= SOLO-TREC =

The SOLO-TREC (Sounding Oceanographic Lagrangrian Observer Thermal RECharging) is a profiling float that uses a novel thermal recharging engine powered by the natural temperature differences found at different ocean depths to cycle up and down in the ocean. The research and prototype were developed by researchers at the Jet Propulsion Laboratory in Pasadena, California, and the Scripps Institution of Oceanography in San Diego. The project name stands for "Sounding Oceanographic Lagrangrian Observer Thermal RECharging" vehicle.

==History==
Research and technology development for SOLO-TREC began in 2004 with funding provided by JPL Research & Technology Development program (2005–2007) and the Office of Naval Research (2008–2010).

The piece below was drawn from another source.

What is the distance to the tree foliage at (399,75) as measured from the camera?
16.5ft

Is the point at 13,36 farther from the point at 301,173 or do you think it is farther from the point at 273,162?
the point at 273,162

On November 30, 2009, the first SOLO-TREC prototype was deployed 161 kilometers southwest of Honolulu by a group of scientists and engineers from JPL and Scripps.

==Design==
The original prototype weighed 84 kilograms, dived autonomously to depths of 500 meters, and generated 1.7 watt-hours of energy per dive. SOLO-TREC draws upon the ocean's thermal energy as it alternately encounters warm surface water and colder conditions at depth. Key to its operation are the carefully selected waxy substances known as phase-change materials that are contained in 10 external tubes, which house enough material to allow net power generation. As the float surfaces and encounters warm temperatures, the material melts and expands; when it dives and enters cooler waters, the material solidifies and contracts. The expansion of the wax pressurizes oil stored inside the float. This oil periodically drives a hydraulic motor that generates electricity and recharges the vehicle's batteries. Energy from the rechargeable batteries powers the float's hydraulic system, which changes the float's volume (and hence buoyancy), allowing it to move vertically.

==Recent Developments==
SOLO-TREC has completed more than 450 dives from the ocean surface to a depth of 500 meters (1,640 feet) and is reporting temperature and salinity profiles three times per day. Designers control the depth to which the instrument dives through its hydraulic system. Its thermal recharging engine produces about 1.7 watt-hours, or 6,100 joules, of energy per dive, enough electricity to operate the vehicle’s science instruments, GPS receiver, communications device and buoyancy-control pump. SOLO-TREC has the potential to replace current ocean monitoring currently done by 3,200 battery-powered Argo floats deployed previously to measure temperature, salinity, and velocity. The US Navy is also exploring the use of thermal recharging technology for the next generation of autonomous submersible vehicles. Scalable for use on most robotic oceanographic vehicles, this technology breakthrough could usher in a new generation of autonomous underwater vehicles capable of virtually indefinite ocean monitoring for climate and marine animal studies, exploration and surveillance.